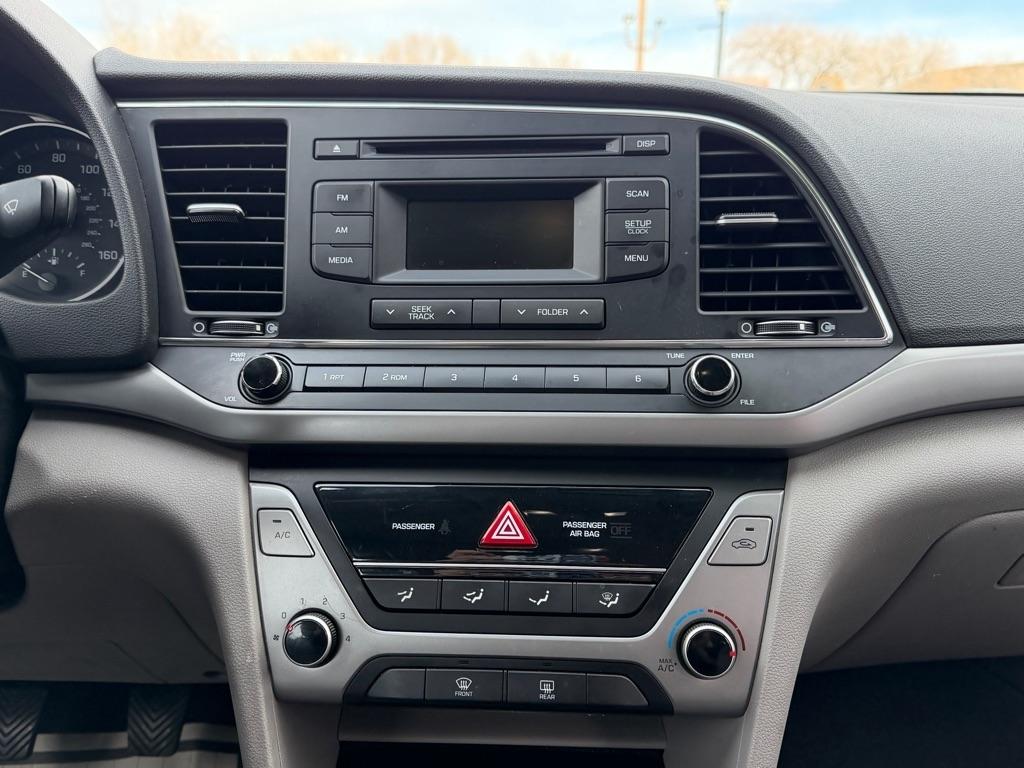 Hyundai Elantra SE 6AT 2018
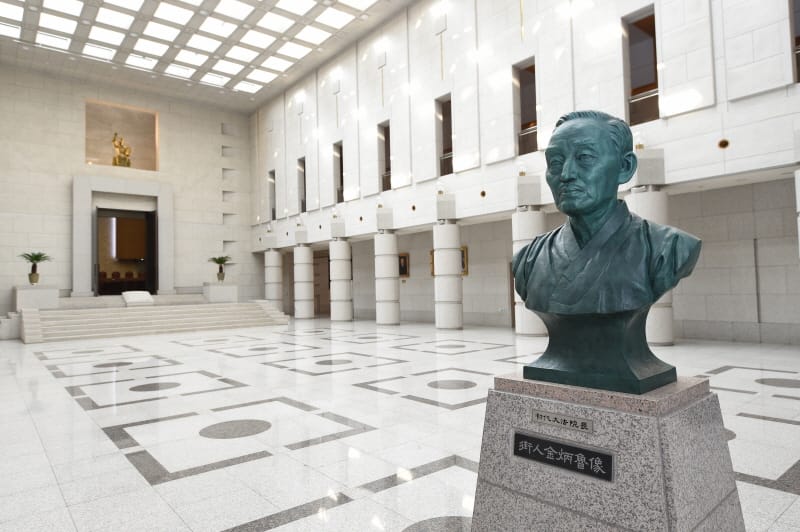 Skepticism Over Court Packing: Data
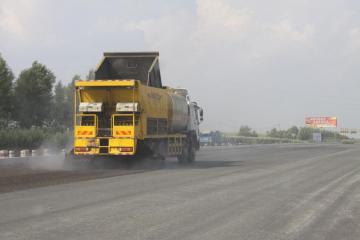 Intelligent Asphalt Crushed Stone Synchronous Seal Car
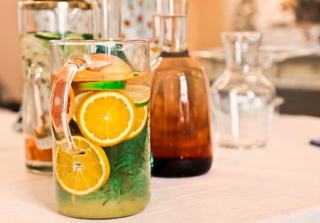 Boissons sans alcool servies à l'apéritif Carafe de citronnade au citron vert et à la menthe posée près de verres à l'apéritif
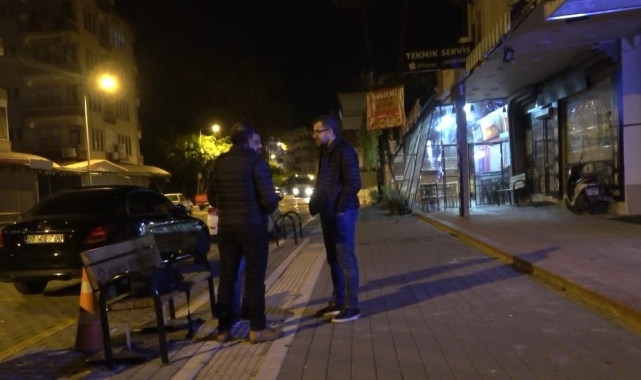 Depreme aracında yakalanan sürücü: "Arabayı biri sallıyor sandım"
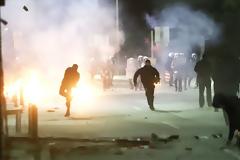 Επεισόδια με «βροχή» από μολότοφ έξω από το ΑΠΘ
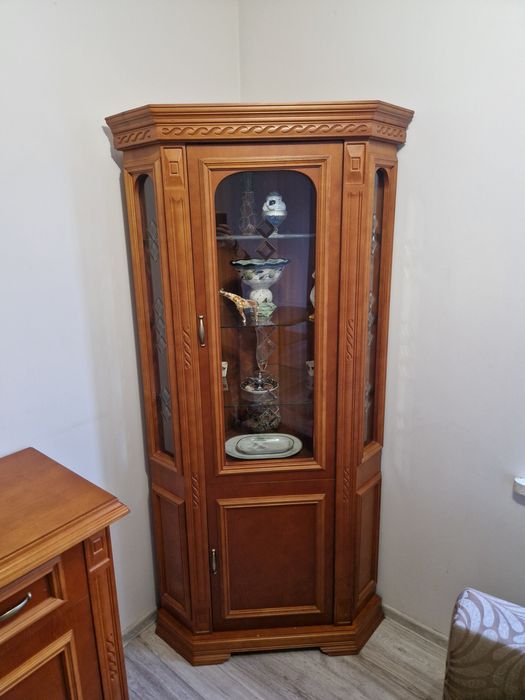 Zestaw mebli do salonu i jadalni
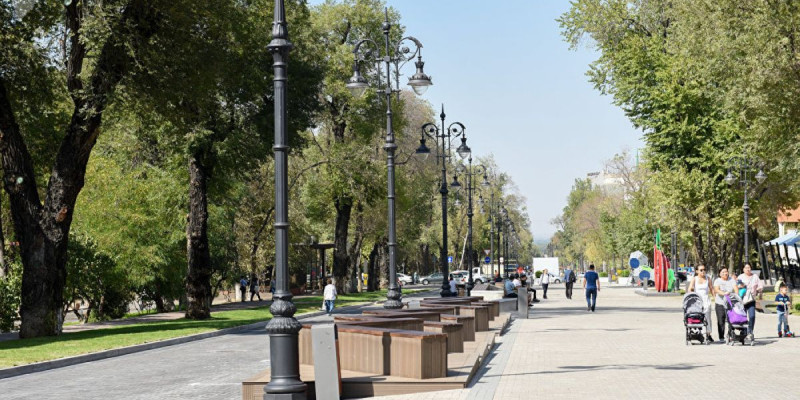 Алматының кейбір көшелері жаяу жүргіншілер жолына айналады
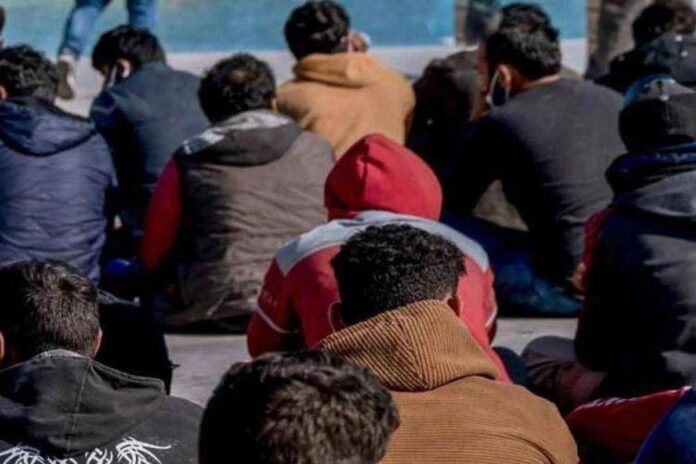 Svizzera riprende i rimpatri di migranti verso l’Italia: i primi a fine mese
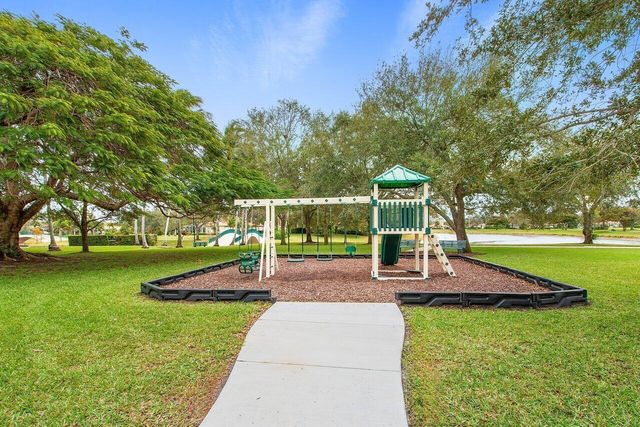 7813 Quida Drive, West Palm Beach, FL 33411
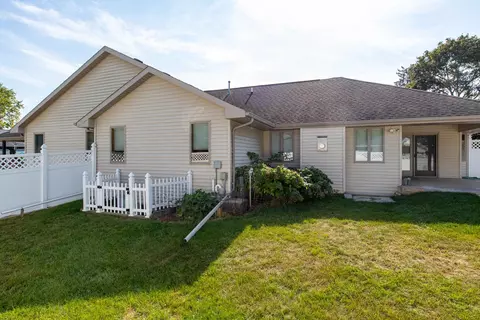 2326 W Prospect Ave, Appleton, WI 54914 photo 22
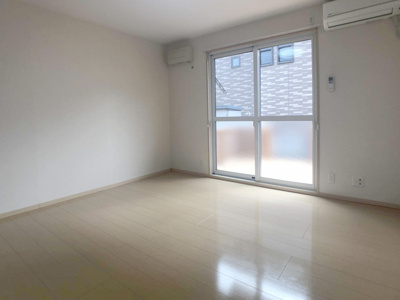 【居間・リビング】 | スウィートアップルＢ | 居室・リビング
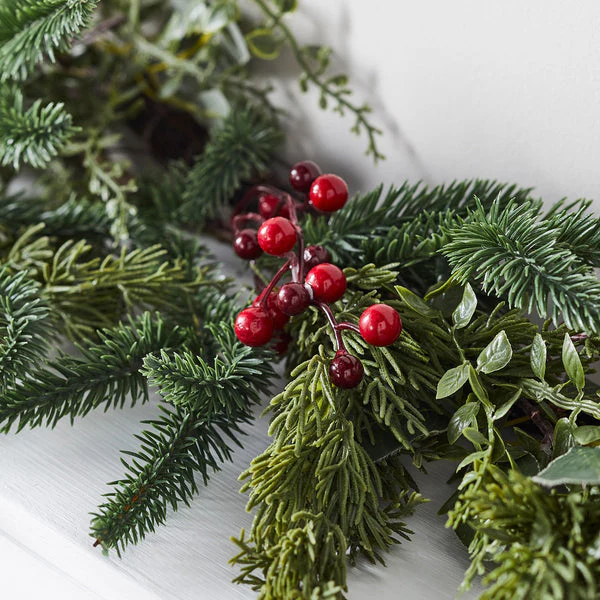 2m Pre Lit Pine & Red Berry Christmas Garland - Image 3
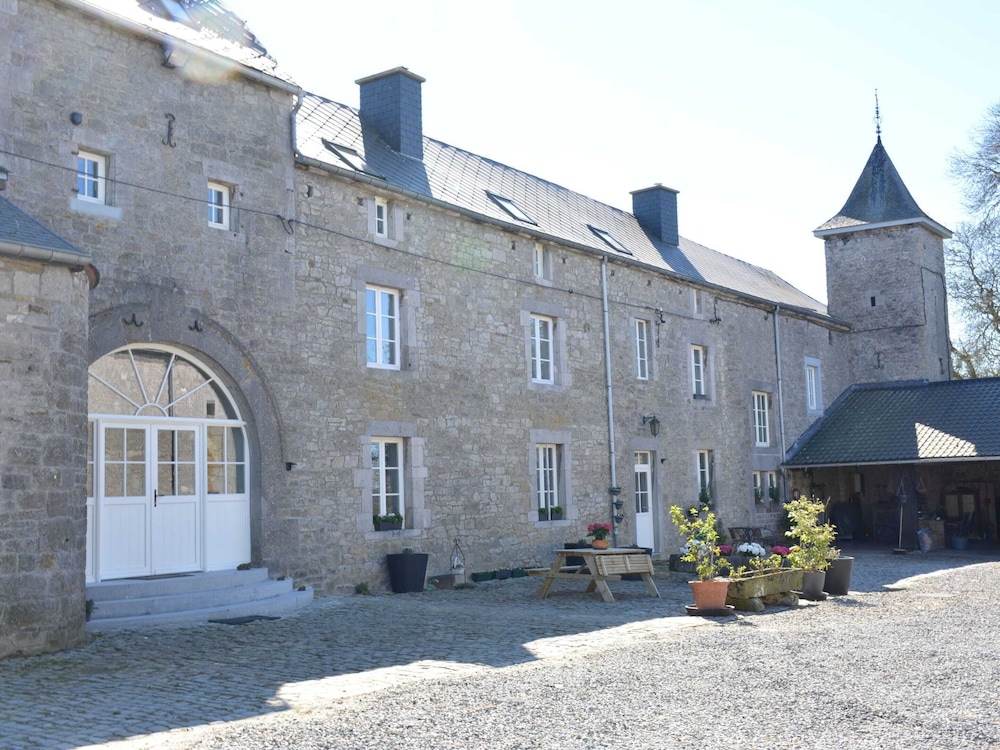 Charming Farmhouse in Ouffet for 7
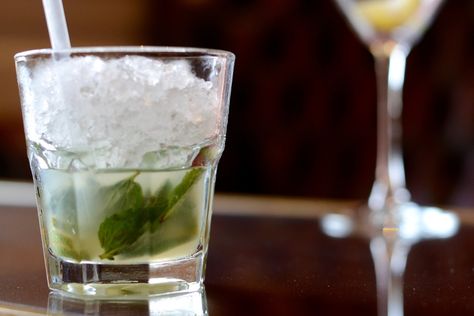 How to Sober Yourself Up When You're Drunk AF Non Alcoholic Mojito, Non Alcoholic Sangria, Champagne Recipe, Julep Recipe, Christmas Drinks Alcohol, No Romance, Party Drinks Alcohol, Tonic Recipe, Alcohol Free Drinks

+--

**Work order**
Using the records above, print exactly the run of lines that starts with the line with "Skepticism Over Court Packing: Data" and goes on through the line with "Charming Farmhouse in Ouffet for 7", pictures excluded.

**Reply**
 Skepticism Over Court Packing: Data
 Intelligent Asphalt Crushed Stone Synchronous Seal Car
 Boissons sans alcool servies à l'apéritif Carafe de citronnade au citron vert et à la menthe posée près de verres à l'apéritif
 Depreme aracında yakalanan sürücü: "Arabayı biri sallıyor sandım"
 Επεισόδια με «βροχή» από μολότοφ έξω από το ΑΠΘ
 Zestaw mebli do salonu i jadalni
 Алматының кейбір көшелері жаяу жүргіншілер жолына айналады
 Svizzera riprende i rimpatri di migranti verso l’Italia: i primi a fine mese
 7813 Quida Drive, West Palm Beach, FL 33411
 2326 W Prospect Ave, Appleton, WI 54914 photo 22
 【居間・リビング】 | スウィートアップルＢ | 居室・リビング
 2m Pre Lit Pine & Red Berry Christmas Garland - Image 3
 Charming Farmhouse in Ouffet for 7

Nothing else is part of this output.